▶ _WHAT IS REQUIRED_: Beginning with the line below that contains "Peugeot 3008 3 of 8" and ending with the line that contains "Mercedes-Benz C 220", copy every line exactly. Copy nothing else.

▶ _EXERCISE MATERIAL_:
■ ■ ■ ■ ■

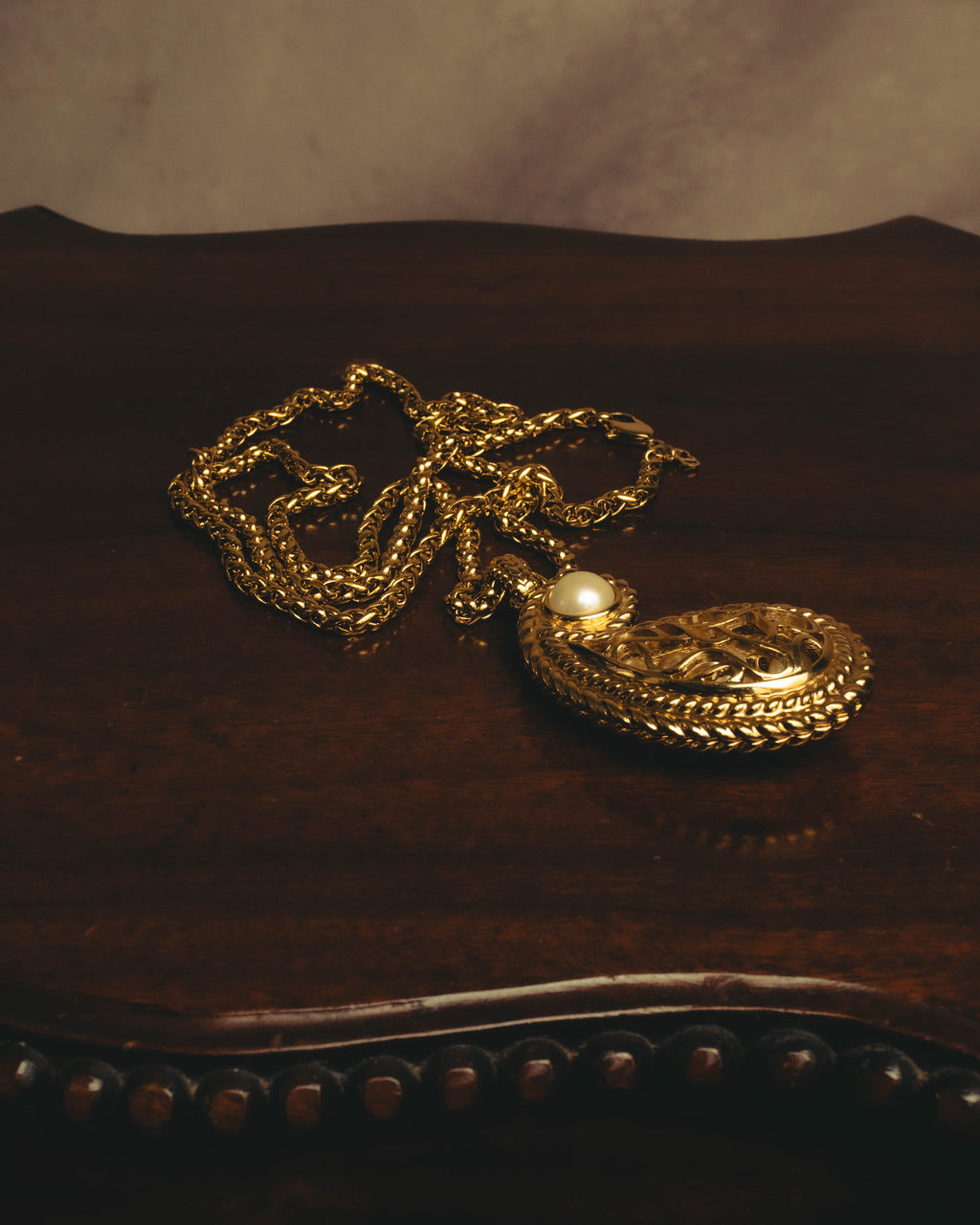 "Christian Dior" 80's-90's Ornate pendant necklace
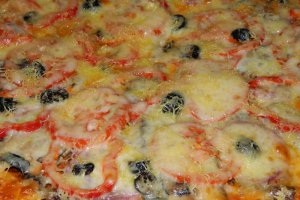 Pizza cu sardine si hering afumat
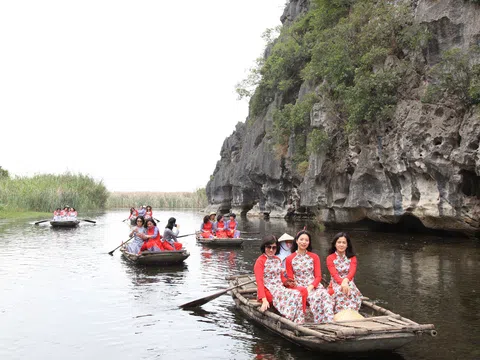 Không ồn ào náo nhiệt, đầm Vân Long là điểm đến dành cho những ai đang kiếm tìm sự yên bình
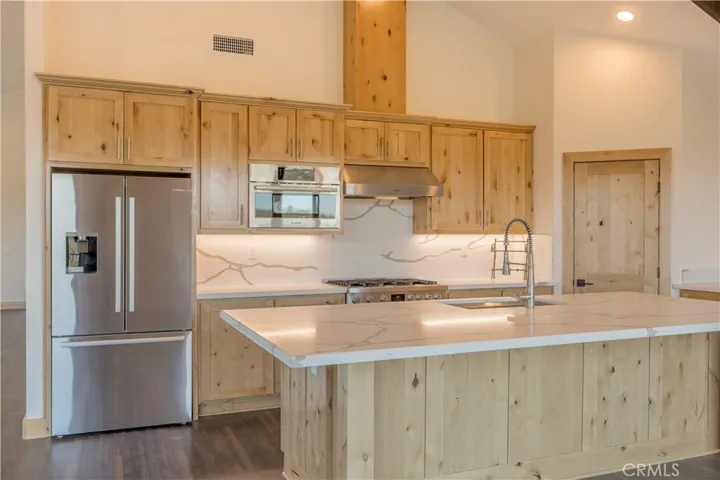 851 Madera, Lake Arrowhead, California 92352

■ ■ ■ ■ ■

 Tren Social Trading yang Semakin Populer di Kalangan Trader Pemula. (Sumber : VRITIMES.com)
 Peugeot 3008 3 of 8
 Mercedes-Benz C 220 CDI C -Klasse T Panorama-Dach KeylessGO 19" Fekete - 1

■ ■ ■ ■ ■

▶ _OUTPUT BELOW_:
 Peugeot 3008 3 of 8
 Mercedes-Benz C 220 CDI C -Klasse T Panorama-Dach KeylessGO 19" Fekete - 1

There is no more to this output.